Assignment:
A verbatim copy of the records below, pictures omitted, is the task.

_ _ _ _ _ _ _

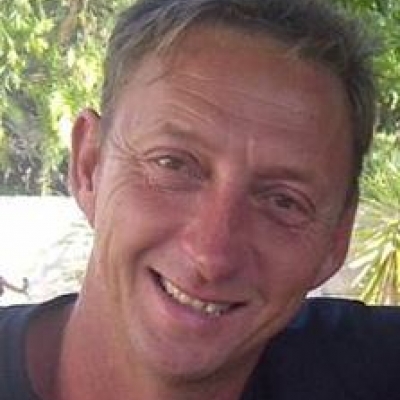 Crew member photo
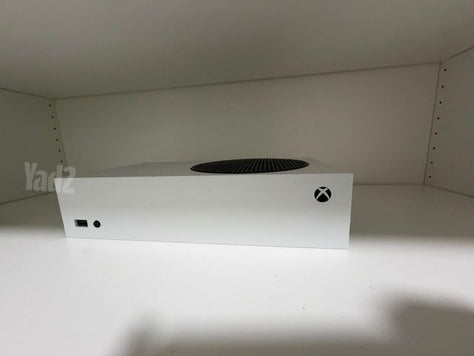 Xbox Series S-512GB SSD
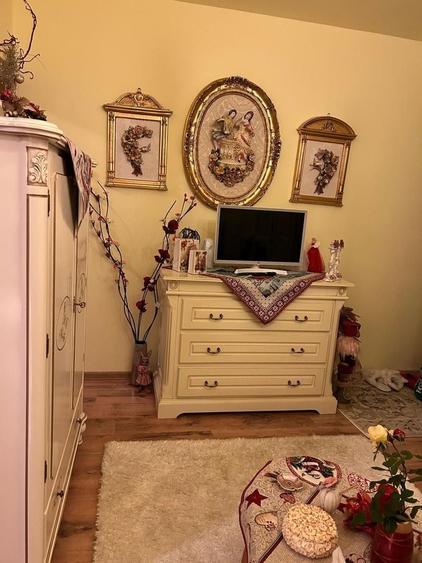 Apartament cu 2 camere în Giroc
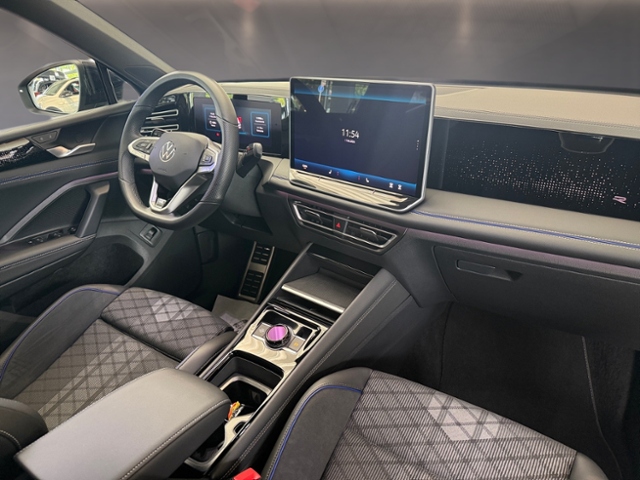 Tiguan 2.0 TDI R-Line RFK AHK IQ IDA
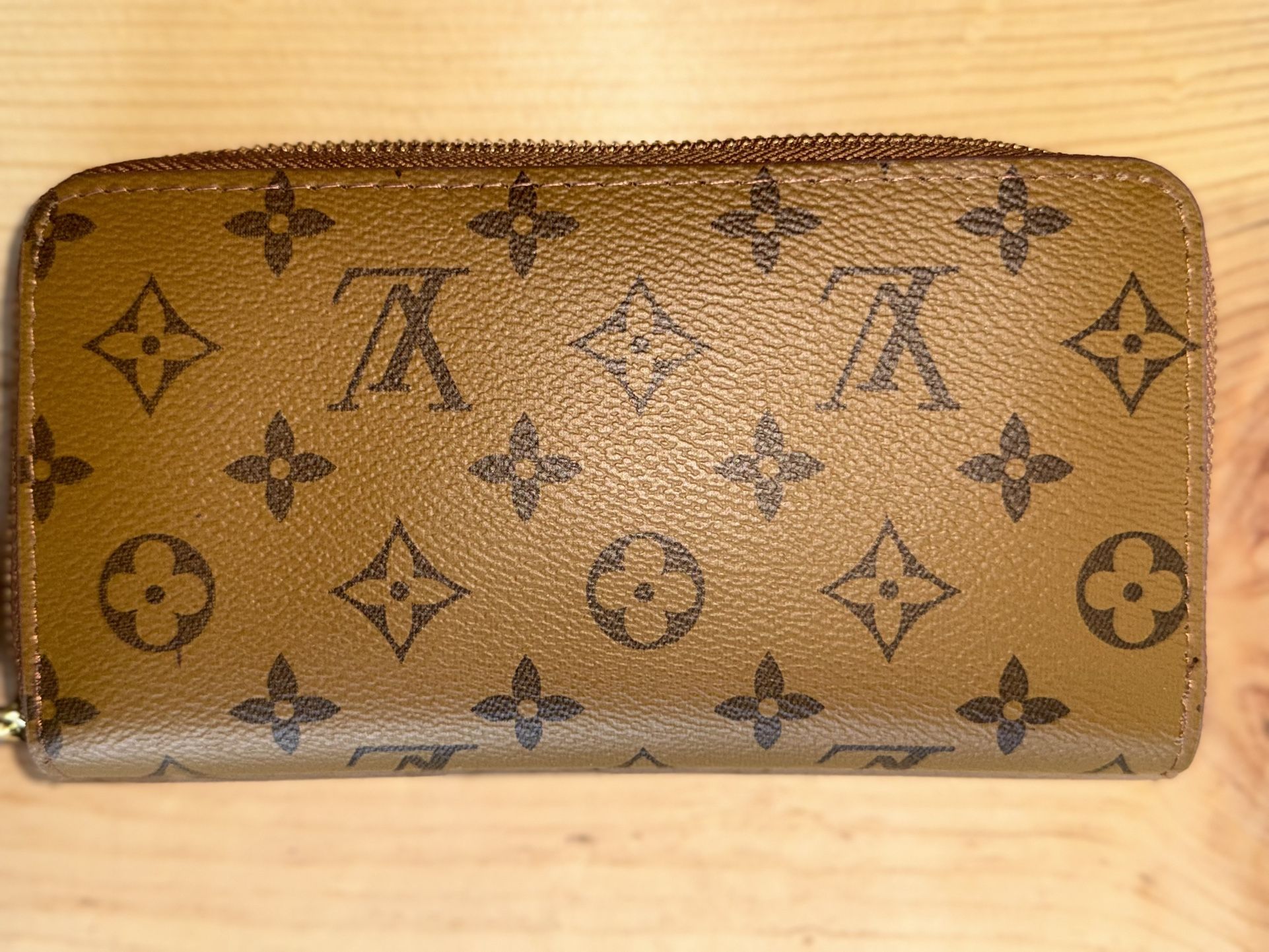 Designer Wallet
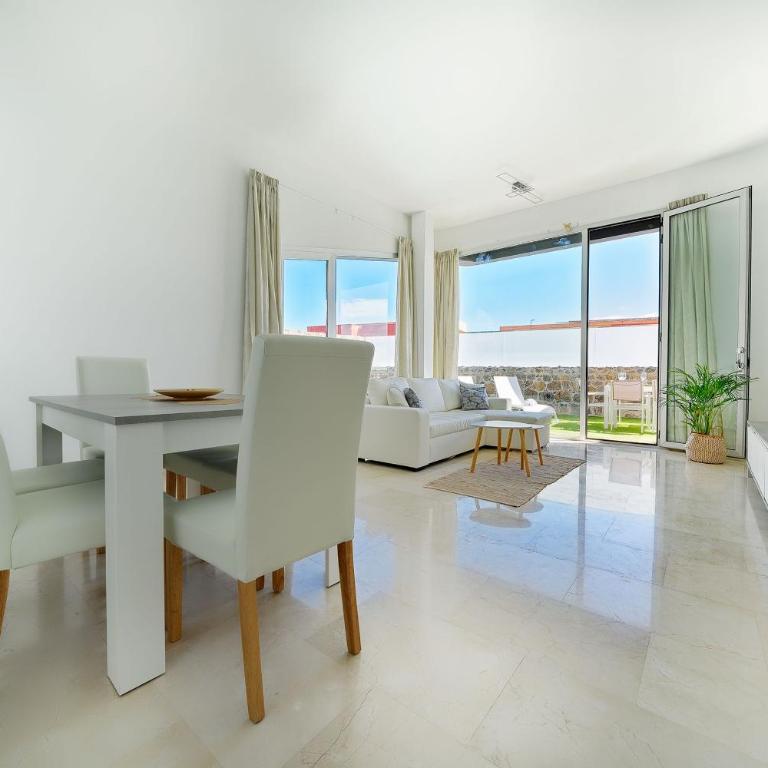 Villa Cacemar Salobre Golf - Villa de 3 dormitorios - 4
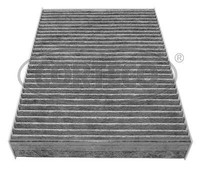 Corteco Filter, Innenraumluft U.A. FüR Nissan, Renault
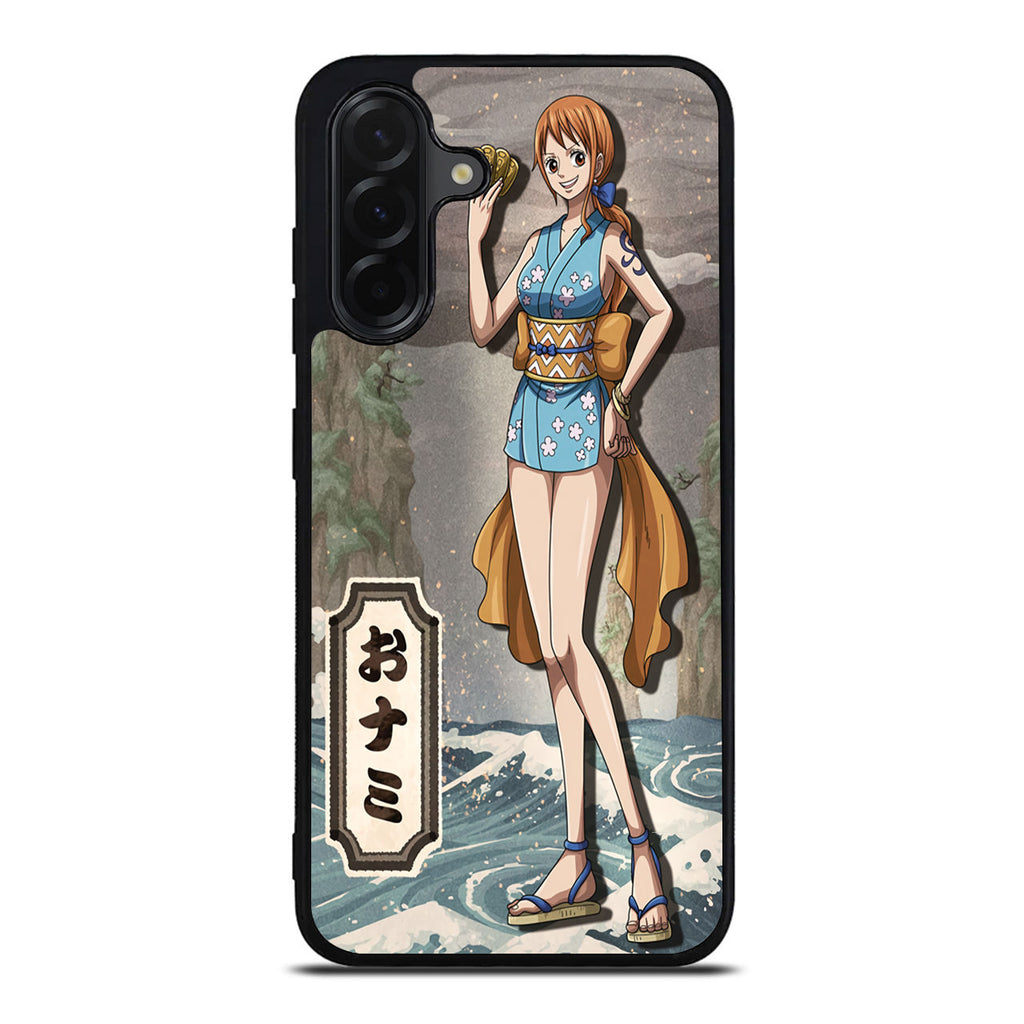 O-Nami Samsung Galaxy A26 5G / A36 5G / A56 5G Case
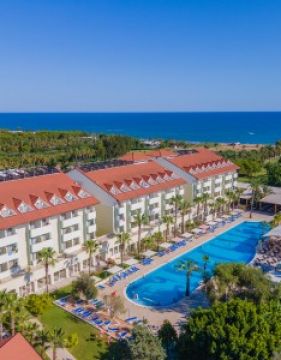SURAL RESORT HOTEL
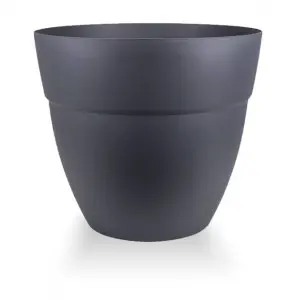 Ghiveci rotund Arca Eda Design Kurv Cancun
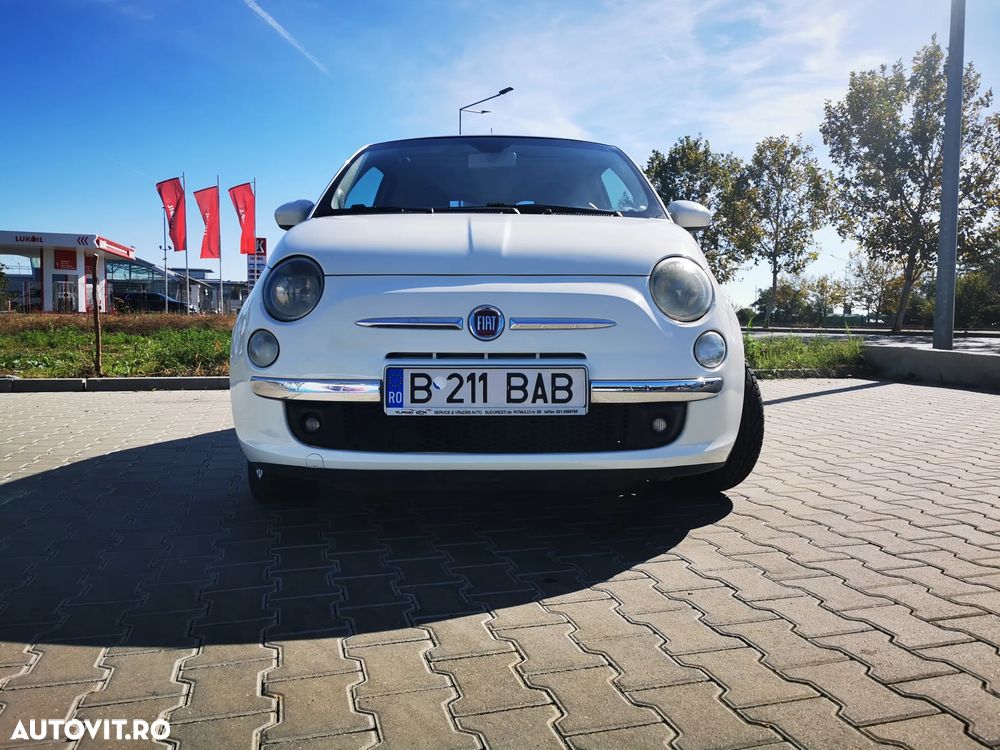 Fiat 500 - 30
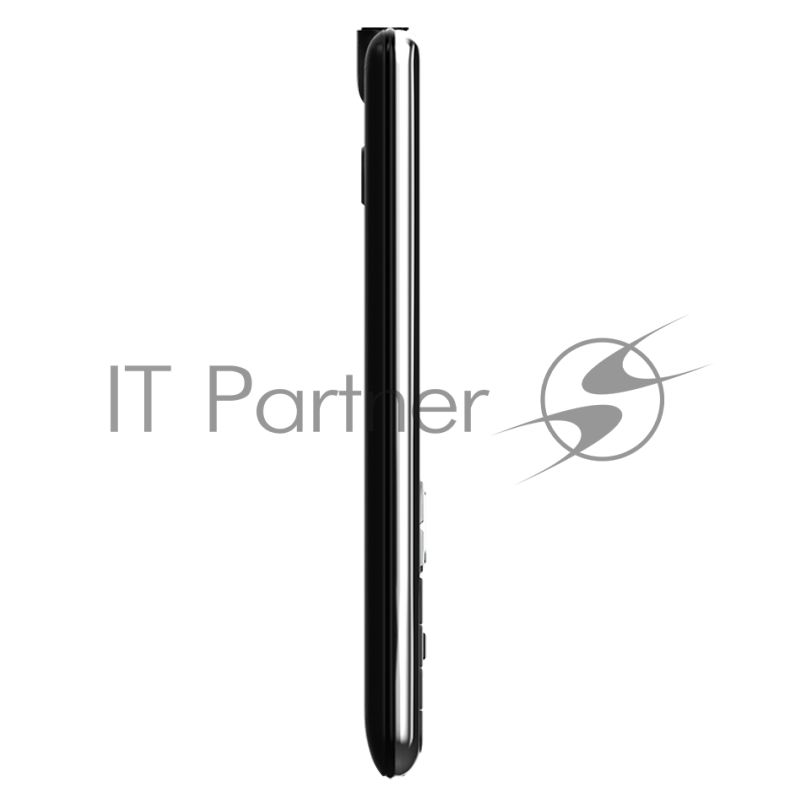 Мобильный телефон Maxvi X900i черный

_ _ _ _ _ _ _

Task answer:
 Crew member photo
 Xbox Series S-512GB SSD
 Apartament cu 2 camere în Giroc
 Tiguan 2.0 TDI R-Line RFK AHK IQ IDA
 Designer Wallet
 Villa Cacemar Salobre Golf - Villa de 3 dormitorios - 4
 Corteco Filter, Innenraumluft U.A. FüR Nissan, Renault
 O-Nami Samsung Galaxy A26 5G / A36 5G / A56 5G Case
SURAL RESORT HOTEL
 Ghiveci rotund Arca Eda Design Kurv Cancun
 Fiat 500 - 30
 Мобильный телефон Maxvi X900i черный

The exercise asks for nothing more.